Next up, a Bristol micro. Yes, another one. Micros aren’t just for run down seaside towns, you know.
Chums is in the heart of gentrified Redland, Bristol’s Gwydir Street . Stockport has no equivalent, though “Where The Light Gets In” may be the equivalent of Redland’s famed “hunter gatherer” restaurant Wilsons.

I love this area; hilly, colourful and packed with pubs. Chums even has a floral display in lieu of a sign, and a window that says “Welcome“. I liked that.


Clearly you need a bit more than a few mates sipping halves of homebrew to pay the rent in Redland, so here you get Guinness, live music and cockles. You could almost have been in Margate.


It was nice to see that alongside the beers that Bristolians would have heard of (Animal Raccoon and Arbor) there was also some exotica like Palmers (sadly off on my visit).
The most noticeable thing is the distance between yourself and the pumps, a good two feet.

The phone rang, and the cheery barman excused himself to take the call.
“Hello Chums” It seemed to be a wrong number
“I bet you love saying that !”
“I have to say Chums, so people know who they’re speaking to“.
Oddly, it seemed about as funny to him as it does to you now.
He gave me an exclusive tour of the room, including the cartoon from which the pub takes its name.
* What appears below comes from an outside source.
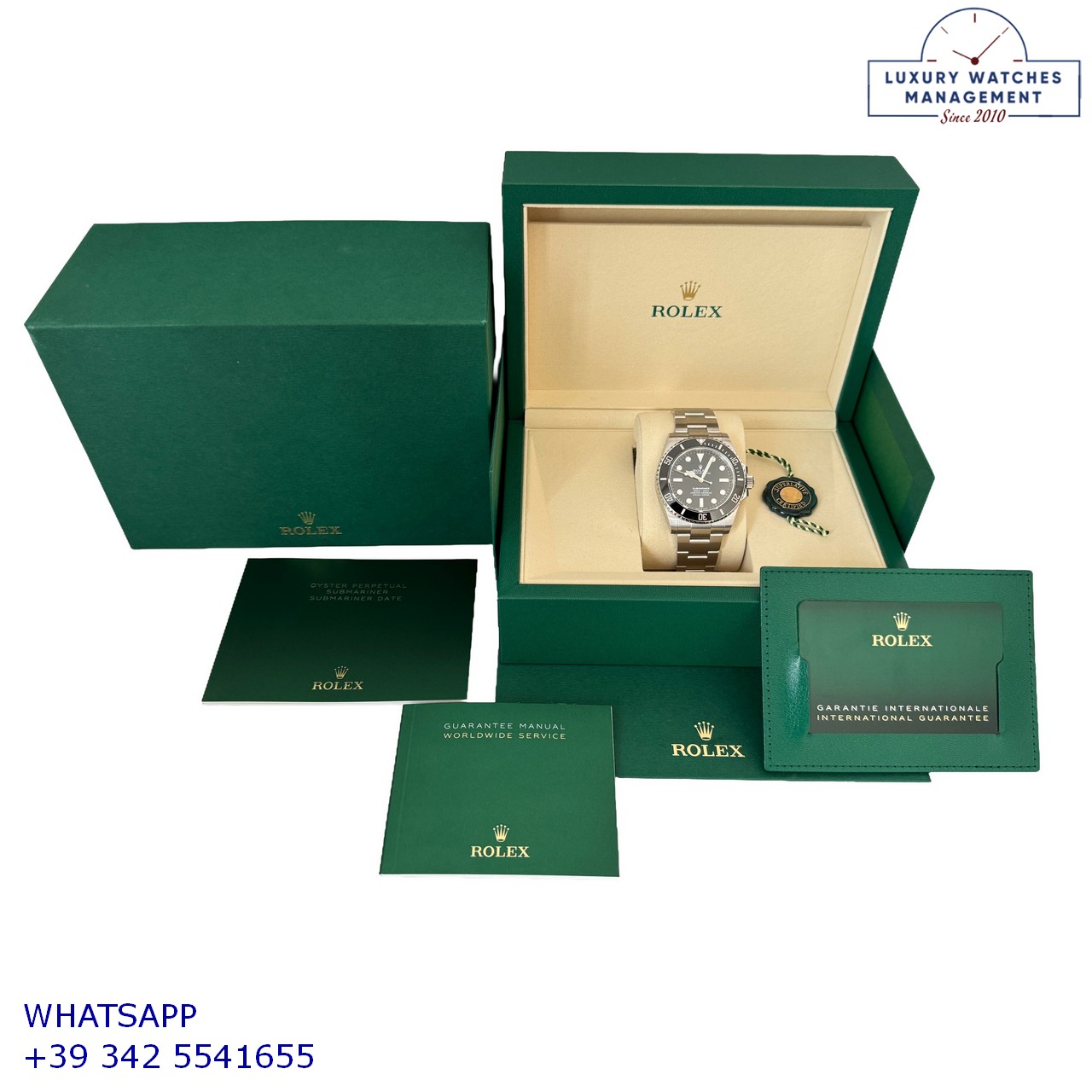 ROLEX SUBMARINER 124060 (19)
I’m afraid I wasn’t actually listening; I’d been distracted by the baked beans photo.

Oh, and the beer (HPA I guess) was above average too, a good NBSS 3.5. But you can see why so many micros don’t open ’till 4pm. The black coffee next door at the Rubicon was worth crossing for.
A hilly walk to the Lansdown, one of Clifton’s premier pubs, on the basis it serves Otter. This would have been a great place to finish Gloucestershire, I thought.
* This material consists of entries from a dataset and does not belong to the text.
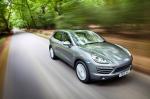 Porsche Cayenne Diesel 2011 года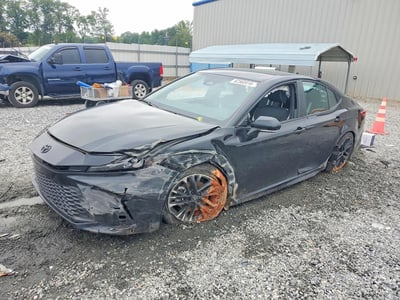 4T1DAACK5SU****** 2025 Toyota Camry Hybrid
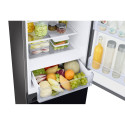 Samsung Refrigerator RB38C6B2E22/EF, height 203cm, 390l, Energy class E, freezer 114l, fridge 276l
The brewery (no idea which) was delivering, Mums were pushing toddlers around in £550 pushchairs, I bounded to the door.

Closed for a week at the height of Summer, just to annoy GBG tickers. It’s a good job I’d had my Stoicism training recently.
I swore*, under my breath, and plotted the course to St Pauls. Onward, GBG pilgrim.

*”Donnington”
You’ll know it’s the End Of Time when you see Donnington being delivered to a micro.
Intrigued as to what beer range the new micro sports bar in Sheffield will offer.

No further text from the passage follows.